START Supplied material
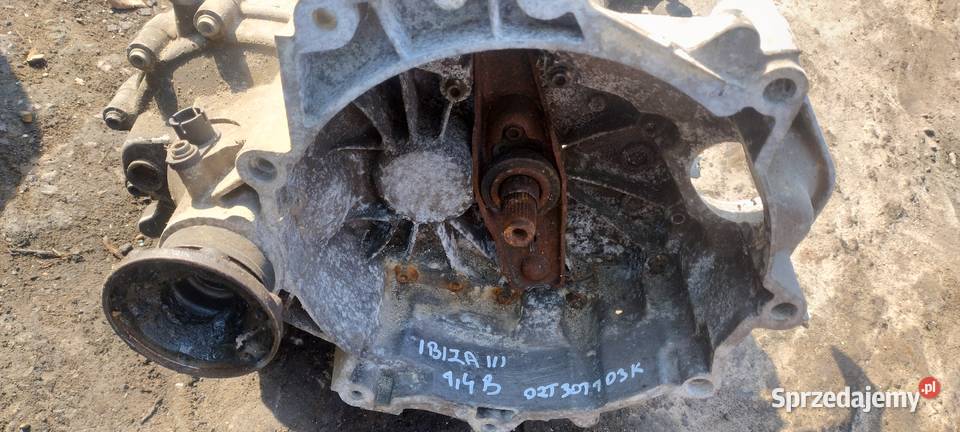 VW POLO SEAT IBIZA 14 skrzynia biegów 02T301103K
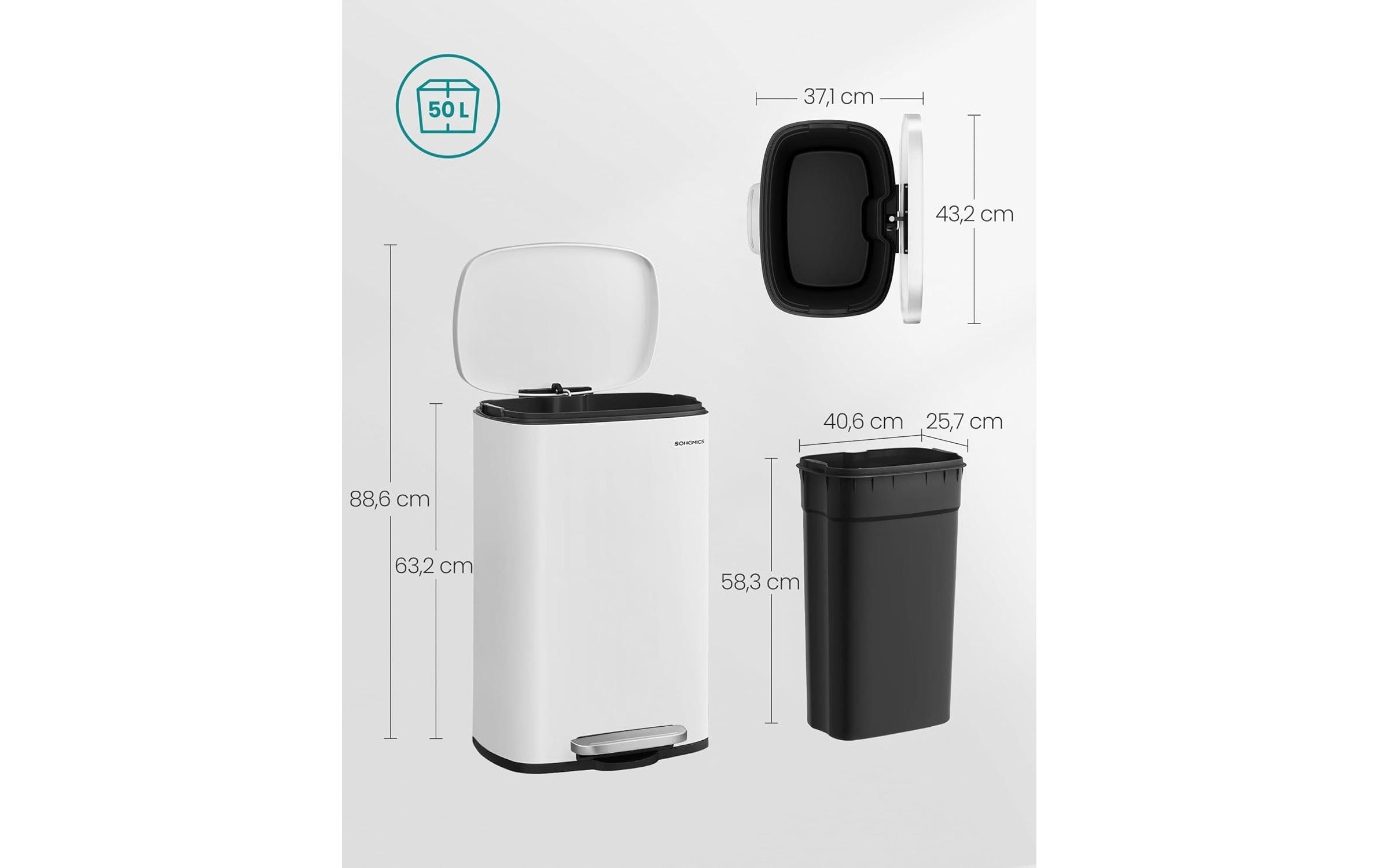 SONGMICS Mülleimer »50 l« 1 Behälter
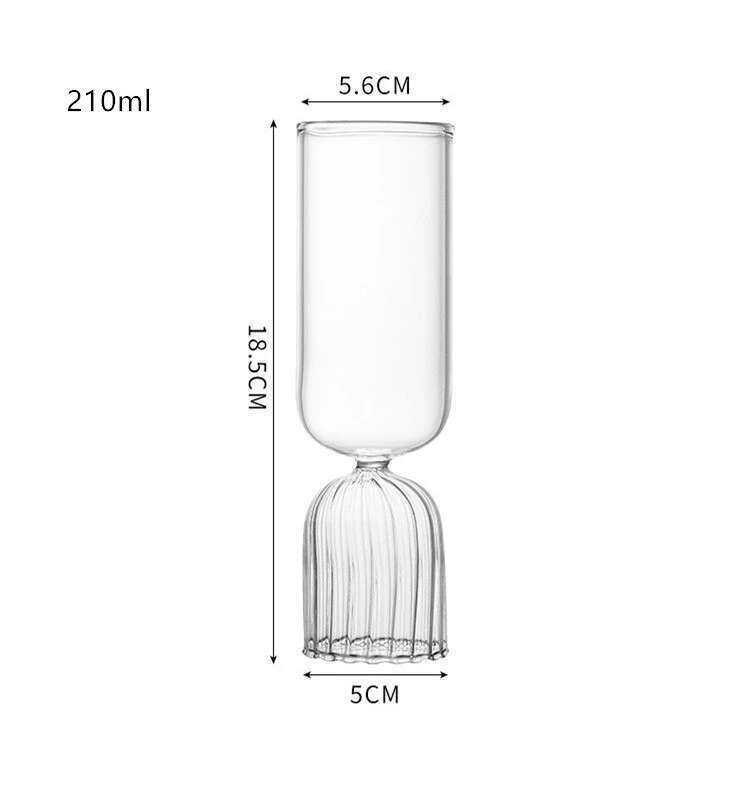 

New Kelp Skirt Cocktail Glass Cup Modern Minimalist Glassware Party Champagne Flutes Juice Drink Cup Beer Mug Breakfast Milk Cup 210ml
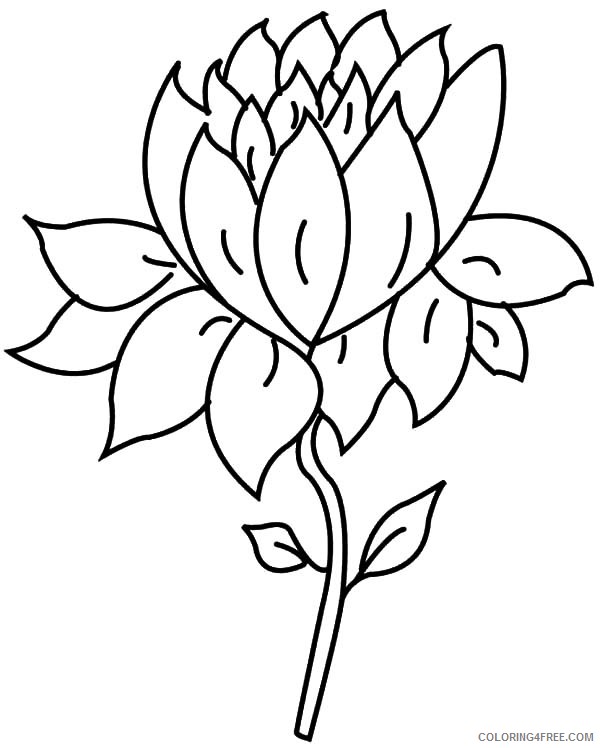 flower bloom coloring pages to print Coloring4free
END Supplied material
§ **Problem description**: Write the data above out exactly. Leave out any pictures.

§ **Response below**:
 VW POLO SEAT IBIZA 14 skrzynia biegów 02T301103K
 SONGMICS Mülleimer »50 l« 1 Behälter

New Kelp Skirt Cocktail Glass Cup Modern Minimalist Glassware Party Champagne Flutes Juice Drink Cup Beer Mug Breakfast Milk Cup 210ml
 flower bloom coloring pages to print Coloring4free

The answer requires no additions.